# Input data
§ §

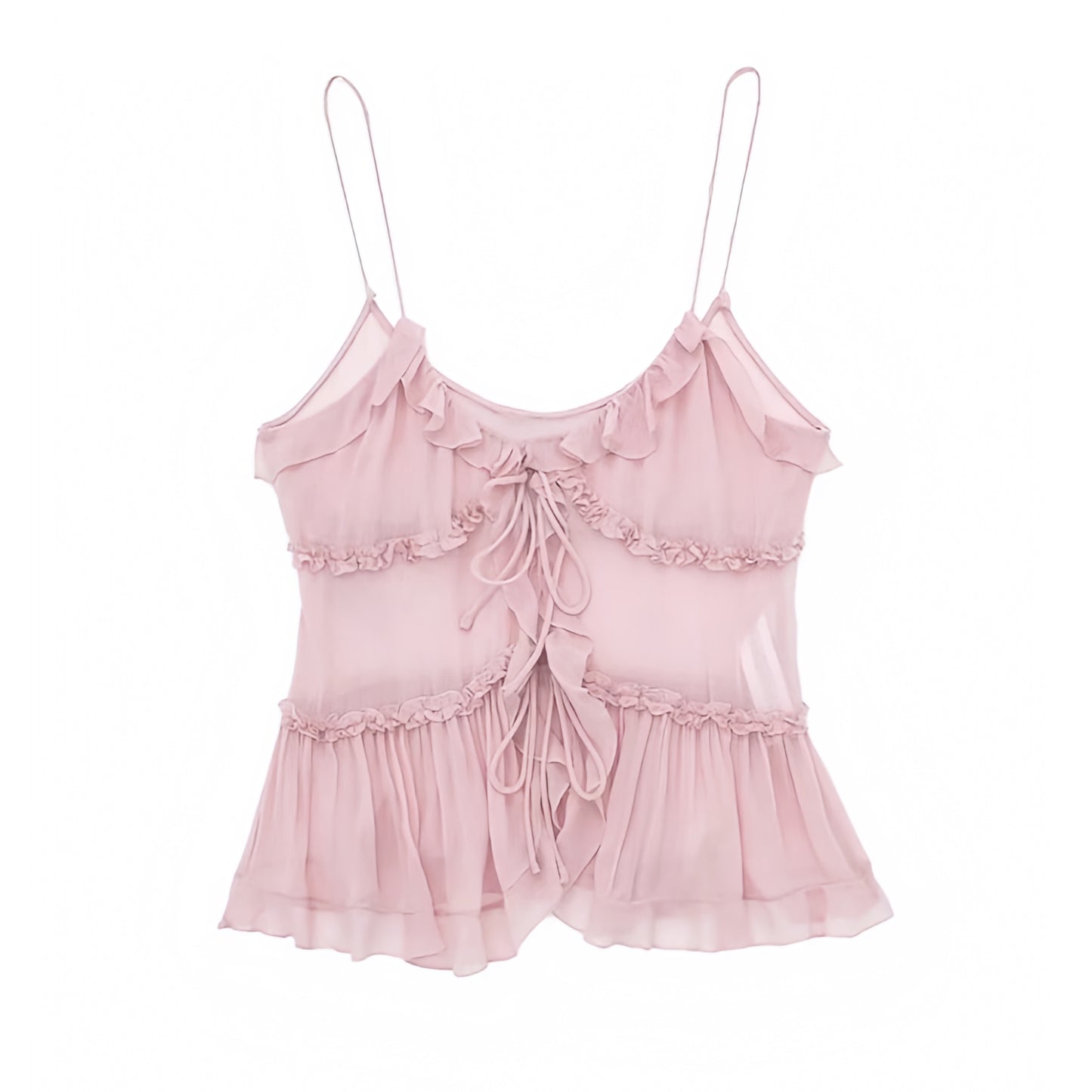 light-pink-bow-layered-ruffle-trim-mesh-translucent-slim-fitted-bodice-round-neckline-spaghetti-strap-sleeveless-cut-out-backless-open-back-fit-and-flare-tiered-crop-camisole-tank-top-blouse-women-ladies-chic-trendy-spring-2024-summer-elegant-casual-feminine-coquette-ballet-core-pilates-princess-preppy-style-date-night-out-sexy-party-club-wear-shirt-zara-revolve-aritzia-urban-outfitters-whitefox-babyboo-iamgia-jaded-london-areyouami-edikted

§ §

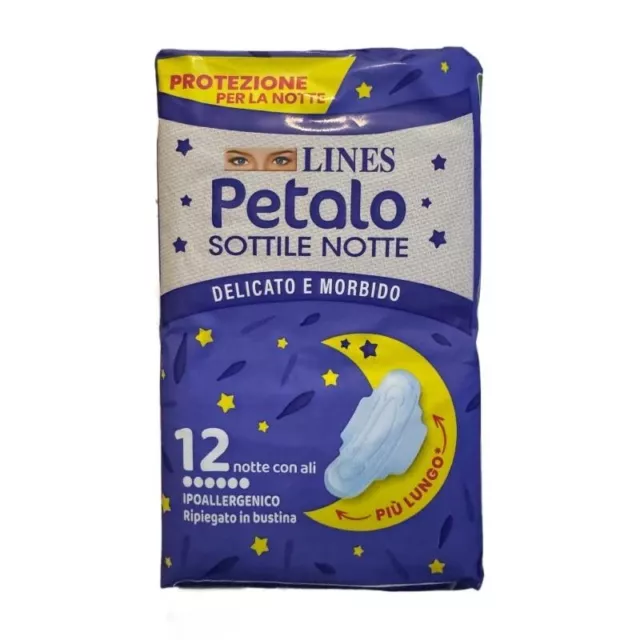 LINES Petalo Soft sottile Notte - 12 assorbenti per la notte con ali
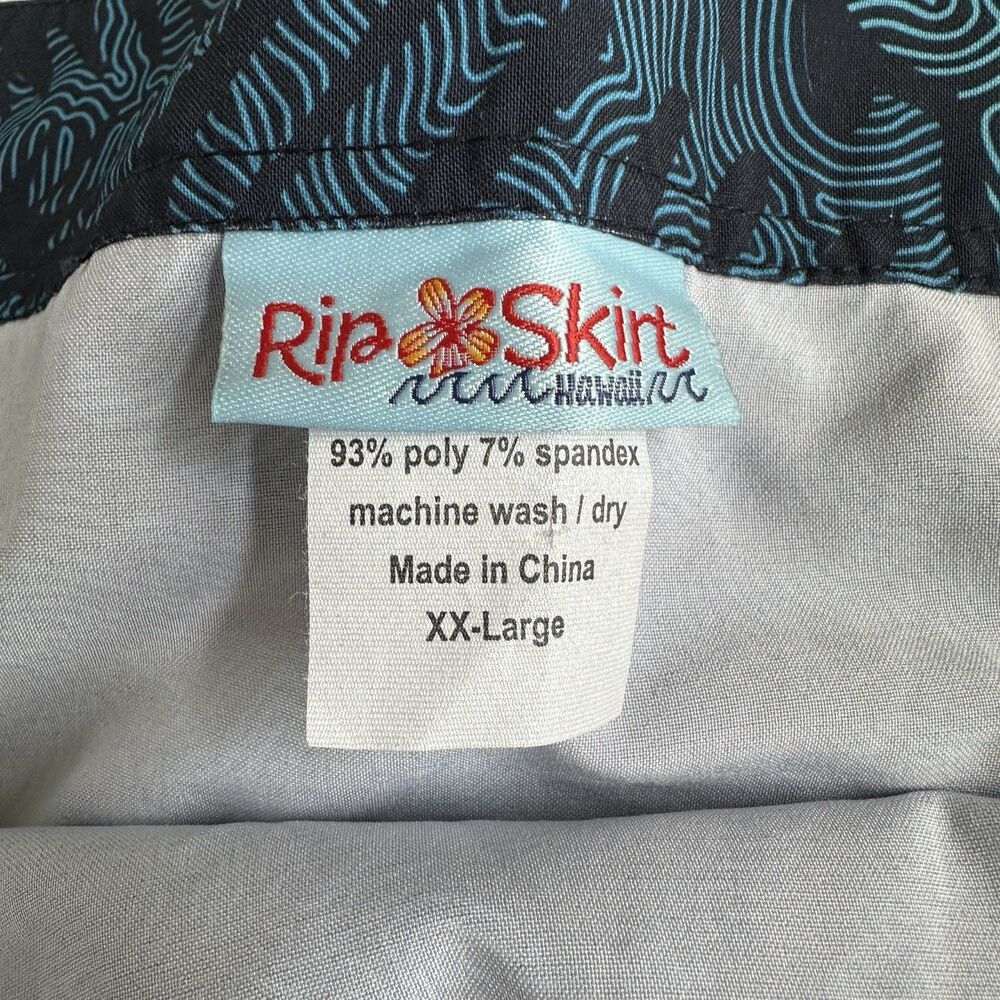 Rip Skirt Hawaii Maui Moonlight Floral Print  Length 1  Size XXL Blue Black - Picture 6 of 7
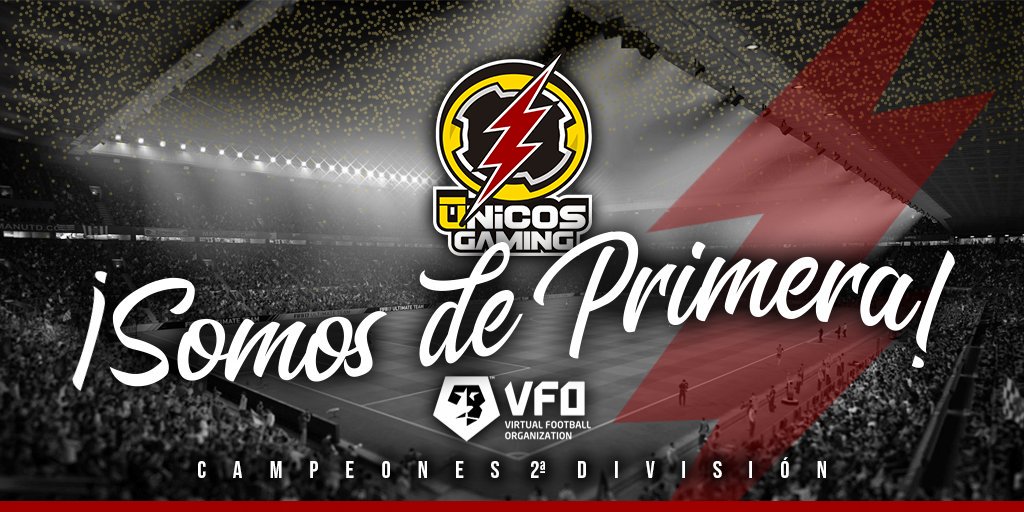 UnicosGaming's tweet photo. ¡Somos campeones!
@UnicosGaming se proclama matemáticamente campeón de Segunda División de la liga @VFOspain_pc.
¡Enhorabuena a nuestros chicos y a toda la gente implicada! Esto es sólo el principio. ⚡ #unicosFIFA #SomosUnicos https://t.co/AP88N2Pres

§ §

# Work order
Both end lines included, restate word for word the lines above from the line with "la liga @VFOspain_pc." to the line with "#unicosFIFA #SomosUnicos https://t.co/AP88N2Pres", and nothing else.

# Task result
@UnicosGaming se proclama matemáticamente campeón de Segunda División de la liga @VFOspain_pc.
¡Enhorabuena a nuestros chicos y a toda la gente implicada! Esto es sólo el principio. ⚡ #unicosFIFA #SomosUnicos https://t.co/AP88N2Pres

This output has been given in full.